- _Assigned task_: Images are to be dropped, and the rest of the data reproduced exactly.

***** Data section

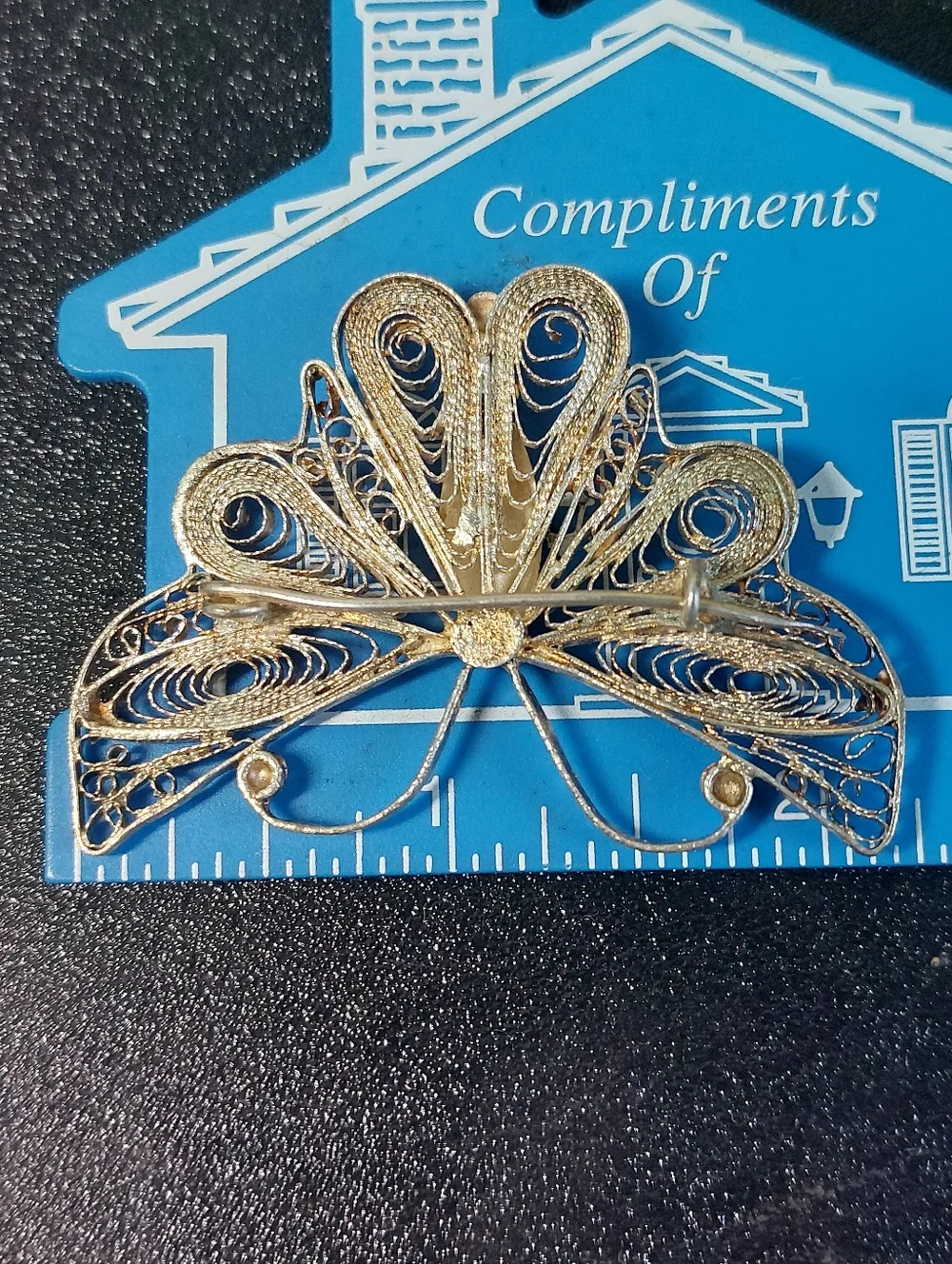Vintage Spun Silver Filigree Butterfly 2.25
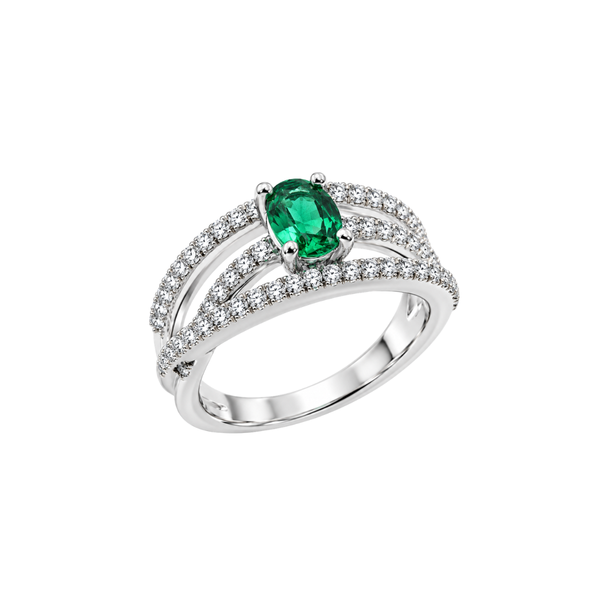 Anello Fascione Mirco Visconti in oro Bianco con Smeraldo e Diamanti ABA1242/S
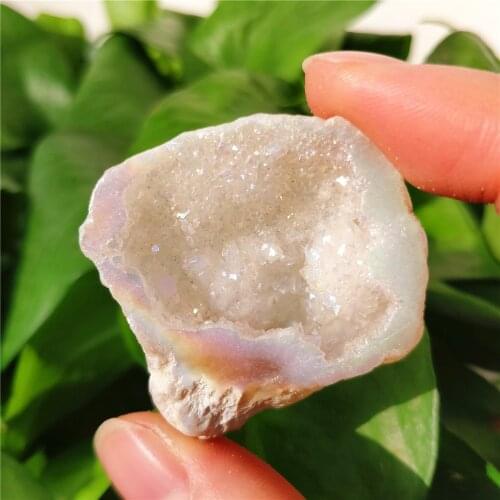 Wholesale Natural Electroplated Aura White Geode Agate Mineral Specimen Crystal Clusters decoration For Gifts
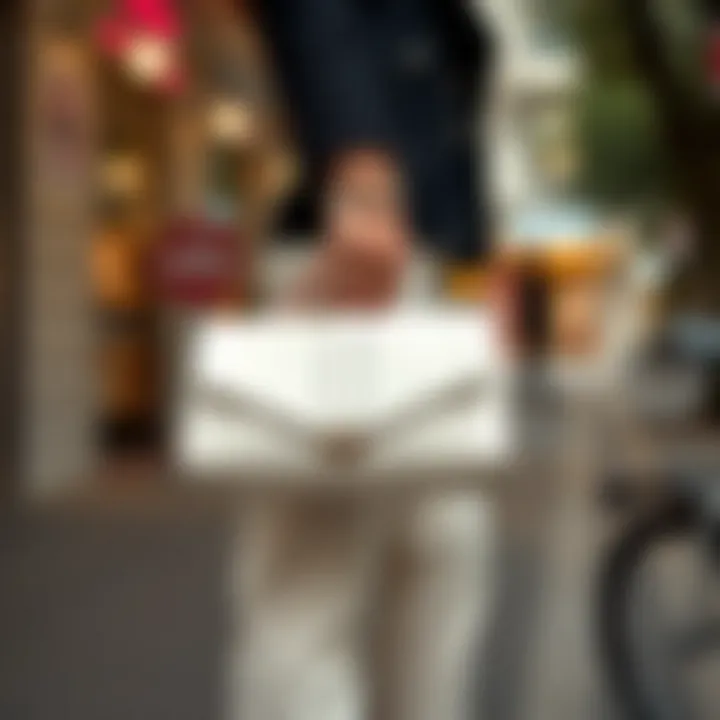 Chic styling ideas featuring a white clutch in various outfits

**********

- _Response to this exercise_:
Vintage Spun Silver Filigree Butterfly 2.25
 Anello Fascione Mirco Visconti in oro Bianco con Smeraldo e Diamanti ABA1242/S
 Wholesale Natural Electroplated Aura White Geode Agate Mineral Specimen Crystal Clusters decoration For Gifts
 Chic styling ideas featuring a white clutch in various outfits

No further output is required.